CourtUtah Supreme Court

Craig M. Snyder, Provo, for defendant and appellant.

Allen K. Young, Provo, for plaintiff and respondent.

STEWART, Justice:

This is an appeal from a modification of a divorce decree. The trial court granted a petition by plaintiff for increased child support, denied a cross-petition by defendant for decreased alimony, and awarded $200 in attorney's fees to plaintiff. We affirm.

Defendant is a dentist specializing in root canal therapy. Plaintiff has a master's degree in educational psychology. They were married in 1972 at the completion of defendant's undergraduate degree. They have two children by their marriage, who at the time of the modification hearing were ages three years and eighteen months.

In July 1979 the parties were divorced. The divorce decree gave custody of the children to plaintiff and required defendant to (1) pay to plaintiff monthly alimony of $650 and monthly child support of $275 per child; (2) maintain hospital and medical insurance policies in full force on plaintiff and the two children; and (3) pay to plaintiff a lump sum of $16,000.

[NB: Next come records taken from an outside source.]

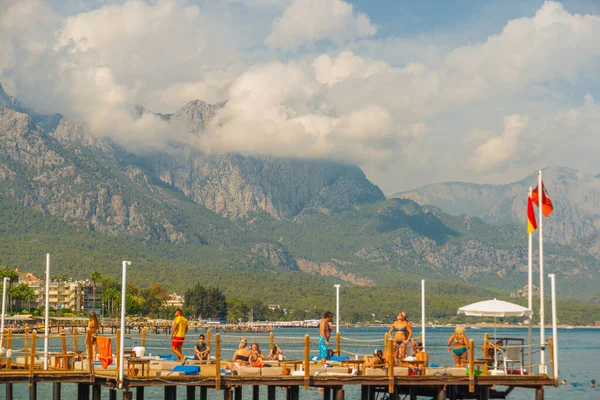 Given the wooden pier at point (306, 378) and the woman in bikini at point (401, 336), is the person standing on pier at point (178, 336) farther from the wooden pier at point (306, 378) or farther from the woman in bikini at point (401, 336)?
the woman in bikini at point (401, 336)

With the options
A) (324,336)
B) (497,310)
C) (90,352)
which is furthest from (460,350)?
(90,352)

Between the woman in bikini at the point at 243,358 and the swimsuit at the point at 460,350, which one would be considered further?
the swimsuit at the point at 460,350

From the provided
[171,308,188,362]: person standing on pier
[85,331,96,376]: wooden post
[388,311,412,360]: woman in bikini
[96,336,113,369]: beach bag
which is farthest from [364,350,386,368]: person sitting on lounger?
[85,331,96,376]: wooden post

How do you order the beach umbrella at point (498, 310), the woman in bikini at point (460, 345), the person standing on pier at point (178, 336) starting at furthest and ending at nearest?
the person standing on pier at point (178, 336) → the beach umbrella at point (498, 310) → the woman in bikini at point (460, 345)

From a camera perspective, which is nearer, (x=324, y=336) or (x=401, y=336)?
(x=401, y=336)

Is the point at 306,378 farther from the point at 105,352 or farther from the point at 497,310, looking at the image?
the point at 497,310

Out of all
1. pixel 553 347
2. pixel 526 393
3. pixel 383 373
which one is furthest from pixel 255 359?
pixel 526 393

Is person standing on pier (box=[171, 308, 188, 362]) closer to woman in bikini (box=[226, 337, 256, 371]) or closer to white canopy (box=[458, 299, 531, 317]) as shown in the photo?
woman in bikini (box=[226, 337, 256, 371])

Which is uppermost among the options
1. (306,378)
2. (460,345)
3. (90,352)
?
(460,345)

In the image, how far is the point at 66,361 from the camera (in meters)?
37.0

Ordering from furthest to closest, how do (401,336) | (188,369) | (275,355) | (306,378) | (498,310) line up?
(275,355) < (498,310) < (401,336) < (188,369) < (306,378)

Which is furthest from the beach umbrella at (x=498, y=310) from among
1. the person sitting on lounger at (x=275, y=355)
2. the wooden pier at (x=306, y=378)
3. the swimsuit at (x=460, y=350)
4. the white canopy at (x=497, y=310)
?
the person sitting on lounger at (x=275, y=355)

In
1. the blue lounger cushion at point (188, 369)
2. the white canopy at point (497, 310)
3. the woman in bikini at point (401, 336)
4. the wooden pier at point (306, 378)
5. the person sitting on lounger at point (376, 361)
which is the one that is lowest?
the wooden pier at point (306, 378)

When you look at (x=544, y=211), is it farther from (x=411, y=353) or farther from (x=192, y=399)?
(x=192, y=399) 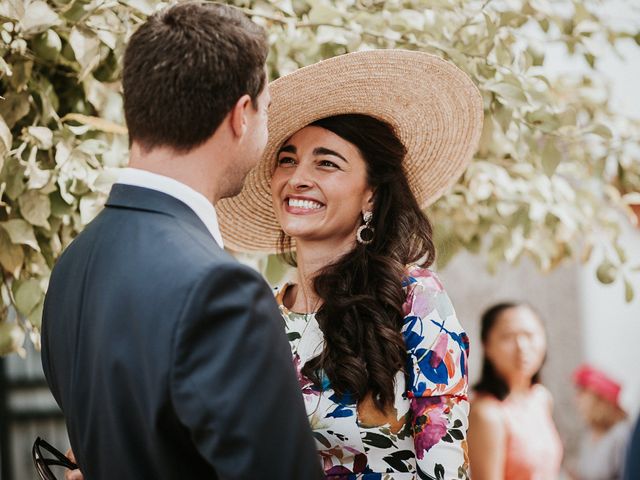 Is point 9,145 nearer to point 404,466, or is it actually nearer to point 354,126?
point 354,126

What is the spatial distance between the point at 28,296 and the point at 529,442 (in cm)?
257

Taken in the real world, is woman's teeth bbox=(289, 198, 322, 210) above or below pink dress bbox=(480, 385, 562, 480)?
above

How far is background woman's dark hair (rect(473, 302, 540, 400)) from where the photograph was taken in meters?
4.49

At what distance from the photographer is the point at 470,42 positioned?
9.77 feet

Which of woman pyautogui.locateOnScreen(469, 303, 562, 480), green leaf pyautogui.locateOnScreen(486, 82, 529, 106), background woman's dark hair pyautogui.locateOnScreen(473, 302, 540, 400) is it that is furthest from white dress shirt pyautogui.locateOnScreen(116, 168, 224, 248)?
background woman's dark hair pyautogui.locateOnScreen(473, 302, 540, 400)

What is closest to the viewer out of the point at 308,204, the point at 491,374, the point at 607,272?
the point at 308,204

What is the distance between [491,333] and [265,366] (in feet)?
10.9

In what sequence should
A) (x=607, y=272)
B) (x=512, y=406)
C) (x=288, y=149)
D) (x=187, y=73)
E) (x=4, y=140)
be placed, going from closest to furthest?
(x=187, y=73) < (x=4, y=140) < (x=288, y=149) < (x=607, y=272) < (x=512, y=406)

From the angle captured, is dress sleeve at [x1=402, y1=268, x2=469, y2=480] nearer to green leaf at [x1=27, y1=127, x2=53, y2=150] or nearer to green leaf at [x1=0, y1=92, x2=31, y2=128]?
green leaf at [x1=27, y1=127, x2=53, y2=150]

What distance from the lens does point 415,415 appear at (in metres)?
2.28

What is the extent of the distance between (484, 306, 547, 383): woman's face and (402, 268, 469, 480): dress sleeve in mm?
2318

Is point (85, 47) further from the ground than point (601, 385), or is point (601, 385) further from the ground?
point (85, 47)

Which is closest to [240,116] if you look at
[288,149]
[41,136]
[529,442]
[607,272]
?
[41,136]

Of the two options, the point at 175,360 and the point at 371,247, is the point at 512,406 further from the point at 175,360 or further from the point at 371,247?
the point at 175,360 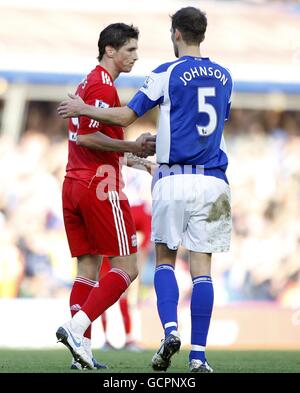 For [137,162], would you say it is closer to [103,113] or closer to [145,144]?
[145,144]

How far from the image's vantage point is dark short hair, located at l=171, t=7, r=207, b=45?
23.4ft

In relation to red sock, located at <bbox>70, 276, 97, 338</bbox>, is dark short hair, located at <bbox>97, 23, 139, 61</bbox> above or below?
above

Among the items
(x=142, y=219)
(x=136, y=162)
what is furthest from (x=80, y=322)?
(x=142, y=219)

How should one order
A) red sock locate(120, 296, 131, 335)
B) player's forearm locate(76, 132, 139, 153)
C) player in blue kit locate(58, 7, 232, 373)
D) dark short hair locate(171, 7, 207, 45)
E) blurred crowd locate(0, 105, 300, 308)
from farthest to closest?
blurred crowd locate(0, 105, 300, 308)
red sock locate(120, 296, 131, 335)
player's forearm locate(76, 132, 139, 153)
dark short hair locate(171, 7, 207, 45)
player in blue kit locate(58, 7, 232, 373)

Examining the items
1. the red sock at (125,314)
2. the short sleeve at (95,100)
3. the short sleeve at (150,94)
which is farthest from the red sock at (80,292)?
the red sock at (125,314)

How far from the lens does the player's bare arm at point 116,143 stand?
289 inches

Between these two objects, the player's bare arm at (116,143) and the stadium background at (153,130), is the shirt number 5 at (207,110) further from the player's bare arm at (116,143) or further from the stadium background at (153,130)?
the stadium background at (153,130)

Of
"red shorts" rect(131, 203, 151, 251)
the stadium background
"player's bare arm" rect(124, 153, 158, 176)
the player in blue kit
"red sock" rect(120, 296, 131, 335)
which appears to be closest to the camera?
the player in blue kit

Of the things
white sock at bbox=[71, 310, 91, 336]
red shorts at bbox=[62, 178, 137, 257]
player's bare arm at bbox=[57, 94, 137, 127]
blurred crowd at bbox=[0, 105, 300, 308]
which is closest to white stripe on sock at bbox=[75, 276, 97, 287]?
red shorts at bbox=[62, 178, 137, 257]

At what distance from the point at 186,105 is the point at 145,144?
50cm

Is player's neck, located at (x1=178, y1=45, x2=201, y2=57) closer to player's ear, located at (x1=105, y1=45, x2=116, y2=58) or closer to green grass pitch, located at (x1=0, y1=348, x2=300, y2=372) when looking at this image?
player's ear, located at (x1=105, y1=45, x2=116, y2=58)

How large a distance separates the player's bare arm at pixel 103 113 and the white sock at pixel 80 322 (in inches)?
48.6

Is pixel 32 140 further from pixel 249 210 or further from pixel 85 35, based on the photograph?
pixel 249 210

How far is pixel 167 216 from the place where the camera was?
7090 millimetres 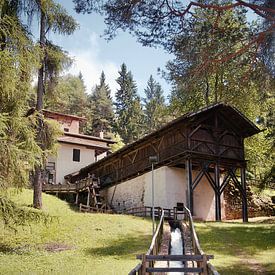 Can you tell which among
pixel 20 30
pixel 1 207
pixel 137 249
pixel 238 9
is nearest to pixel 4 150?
pixel 1 207

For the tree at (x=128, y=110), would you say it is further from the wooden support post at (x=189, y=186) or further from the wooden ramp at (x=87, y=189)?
the wooden support post at (x=189, y=186)

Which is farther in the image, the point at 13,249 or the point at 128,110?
the point at 128,110

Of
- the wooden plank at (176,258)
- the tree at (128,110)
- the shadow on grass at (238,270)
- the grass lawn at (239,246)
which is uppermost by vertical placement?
the tree at (128,110)

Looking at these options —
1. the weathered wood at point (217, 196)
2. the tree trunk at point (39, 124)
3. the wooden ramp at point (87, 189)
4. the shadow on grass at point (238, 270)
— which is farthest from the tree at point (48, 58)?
the shadow on grass at point (238, 270)

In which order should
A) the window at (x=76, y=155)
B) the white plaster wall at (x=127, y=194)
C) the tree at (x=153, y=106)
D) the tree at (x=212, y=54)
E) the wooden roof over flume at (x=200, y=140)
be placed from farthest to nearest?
the tree at (x=153, y=106)
the window at (x=76, y=155)
the white plaster wall at (x=127, y=194)
the wooden roof over flume at (x=200, y=140)
the tree at (x=212, y=54)

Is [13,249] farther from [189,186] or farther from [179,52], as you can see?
[189,186]

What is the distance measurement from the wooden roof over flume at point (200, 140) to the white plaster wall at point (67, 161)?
31.6 ft

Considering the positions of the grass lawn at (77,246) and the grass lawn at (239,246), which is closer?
the grass lawn at (77,246)

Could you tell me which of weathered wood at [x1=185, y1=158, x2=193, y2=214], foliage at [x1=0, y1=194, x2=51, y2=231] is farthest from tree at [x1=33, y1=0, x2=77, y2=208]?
weathered wood at [x1=185, y1=158, x2=193, y2=214]

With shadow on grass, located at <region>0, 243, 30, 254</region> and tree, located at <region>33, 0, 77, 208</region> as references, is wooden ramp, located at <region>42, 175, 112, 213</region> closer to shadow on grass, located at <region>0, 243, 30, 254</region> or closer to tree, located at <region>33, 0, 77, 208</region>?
tree, located at <region>33, 0, 77, 208</region>

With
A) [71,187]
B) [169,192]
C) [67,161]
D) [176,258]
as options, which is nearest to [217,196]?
[169,192]

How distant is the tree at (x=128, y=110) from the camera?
61.2 metres

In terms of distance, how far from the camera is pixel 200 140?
82.4 feet

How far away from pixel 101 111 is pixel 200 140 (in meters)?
44.1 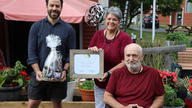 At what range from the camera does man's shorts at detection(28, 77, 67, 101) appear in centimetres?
271

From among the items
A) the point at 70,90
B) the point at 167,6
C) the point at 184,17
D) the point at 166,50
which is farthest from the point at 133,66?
the point at 184,17

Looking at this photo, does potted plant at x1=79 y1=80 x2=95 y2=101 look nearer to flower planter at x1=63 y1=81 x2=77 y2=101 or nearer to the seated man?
flower planter at x1=63 y1=81 x2=77 y2=101

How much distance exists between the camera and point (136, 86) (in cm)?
256

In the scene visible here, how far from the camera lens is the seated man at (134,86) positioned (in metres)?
2.52

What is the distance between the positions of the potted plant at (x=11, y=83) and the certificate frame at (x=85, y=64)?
1.18 metres

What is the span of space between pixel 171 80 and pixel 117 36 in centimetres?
124

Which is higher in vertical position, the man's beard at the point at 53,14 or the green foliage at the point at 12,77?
the man's beard at the point at 53,14

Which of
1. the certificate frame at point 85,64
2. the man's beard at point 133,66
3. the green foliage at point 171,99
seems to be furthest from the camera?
the green foliage at point 171,99

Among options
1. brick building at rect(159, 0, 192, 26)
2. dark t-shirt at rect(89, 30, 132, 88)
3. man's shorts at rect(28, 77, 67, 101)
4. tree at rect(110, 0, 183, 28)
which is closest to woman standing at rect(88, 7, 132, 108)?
dark t-shirt at rect(89, 30, 132, 88)

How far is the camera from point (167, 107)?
3.12 metres

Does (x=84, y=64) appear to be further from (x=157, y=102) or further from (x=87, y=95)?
(x=87, y=95)

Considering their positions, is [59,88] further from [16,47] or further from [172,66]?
[16,47]

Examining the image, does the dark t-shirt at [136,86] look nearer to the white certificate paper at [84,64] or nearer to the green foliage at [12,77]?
the white certificate paper at [84,64]

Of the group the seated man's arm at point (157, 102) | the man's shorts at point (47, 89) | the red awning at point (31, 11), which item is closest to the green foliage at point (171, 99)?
the seated man's arm at point (157, 102) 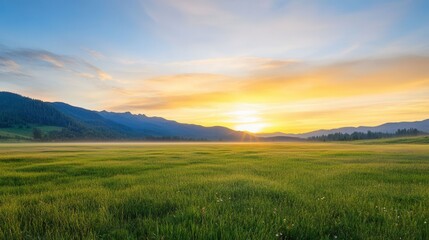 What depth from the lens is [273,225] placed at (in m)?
5.43

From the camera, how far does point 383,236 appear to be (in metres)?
5.09

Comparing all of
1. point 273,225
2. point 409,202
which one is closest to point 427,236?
point 273,225

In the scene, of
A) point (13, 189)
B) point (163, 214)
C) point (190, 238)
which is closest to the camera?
point (190, 238)

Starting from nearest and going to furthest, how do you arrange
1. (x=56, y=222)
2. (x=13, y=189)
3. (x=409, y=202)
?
(x=56, y=222) < (x=409, y=202) < (x=13, y=189)

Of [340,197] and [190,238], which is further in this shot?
[340,197]

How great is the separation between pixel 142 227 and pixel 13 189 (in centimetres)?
862

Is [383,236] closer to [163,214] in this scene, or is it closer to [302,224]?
[302,224]

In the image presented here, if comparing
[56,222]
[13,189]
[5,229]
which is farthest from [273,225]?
[13,189]

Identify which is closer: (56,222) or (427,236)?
(427,236)

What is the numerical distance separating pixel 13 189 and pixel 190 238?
986 cm

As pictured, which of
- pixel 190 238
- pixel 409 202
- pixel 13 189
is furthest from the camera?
pixel 13 189

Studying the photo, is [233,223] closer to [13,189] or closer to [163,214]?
[163,214]

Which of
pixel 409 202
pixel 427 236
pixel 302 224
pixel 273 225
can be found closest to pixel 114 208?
pixel 273 225

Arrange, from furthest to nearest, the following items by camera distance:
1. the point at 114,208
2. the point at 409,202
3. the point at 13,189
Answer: the point at 13,189 < the point at 409,202 < the point at 114,208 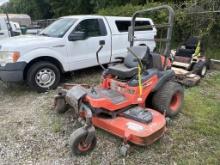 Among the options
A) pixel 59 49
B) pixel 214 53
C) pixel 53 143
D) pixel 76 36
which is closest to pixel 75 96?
pixel 53 143

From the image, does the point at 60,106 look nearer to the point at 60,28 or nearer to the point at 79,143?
the point at 79,143

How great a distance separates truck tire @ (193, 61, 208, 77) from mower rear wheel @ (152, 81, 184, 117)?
8.23 ft

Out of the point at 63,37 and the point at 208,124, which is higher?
the point at 63,37

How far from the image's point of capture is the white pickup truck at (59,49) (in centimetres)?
582

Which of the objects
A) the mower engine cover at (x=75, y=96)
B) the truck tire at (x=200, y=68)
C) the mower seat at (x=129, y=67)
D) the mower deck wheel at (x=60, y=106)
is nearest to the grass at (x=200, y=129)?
the truck tire at (x=200, y=68)

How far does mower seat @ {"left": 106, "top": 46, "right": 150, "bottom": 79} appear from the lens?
4.27 m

At the time of the divorce decree, plaintiff was unemployed and had no source of support other than defendant. Since then plaintiff has been working three days a week as an educational psychologist for the Provo School District, although she suffers from a rather serious case of rheumatoid arthritis. Her net monthly income is $550, but her job has required her to spend $250 per month for child care while she is away from home. The funding for the job she holds is somewhat tenuous because of tight budgetary problems in the school district.

In 1981 plaintiff petitioned for an increase in child support. She alleged increased expenses for housing, child care, transportation, food, clothing, and other expenses. Defendant opposed the motion and cross-petitioned for a decrease or elimination of alimony because of plaintiff's new source of income. Defendant also cross-petitioned for termination of his obligation under the divorce decree to maintain medical insurance on plaintiff.

The trial court found that plaintiff had shown "changed circumstances" by virtue of increased housing payments, additional child care expenses of $250 per month, and inflation. The court also found that the defendant had an increased ability to provide child support, stating:

[D]efendant has increased his gross income considerably since the Decree of Divorce was entered [into] when his net income was approximately $30,000.00 per year. His present mode of doing business through a personal corporation and payment of a salary is not indicative of the real earnings of the defendant..... [A]n increase of approximately $19,000.00 has been established in the gross earnings in the 1980-81 period.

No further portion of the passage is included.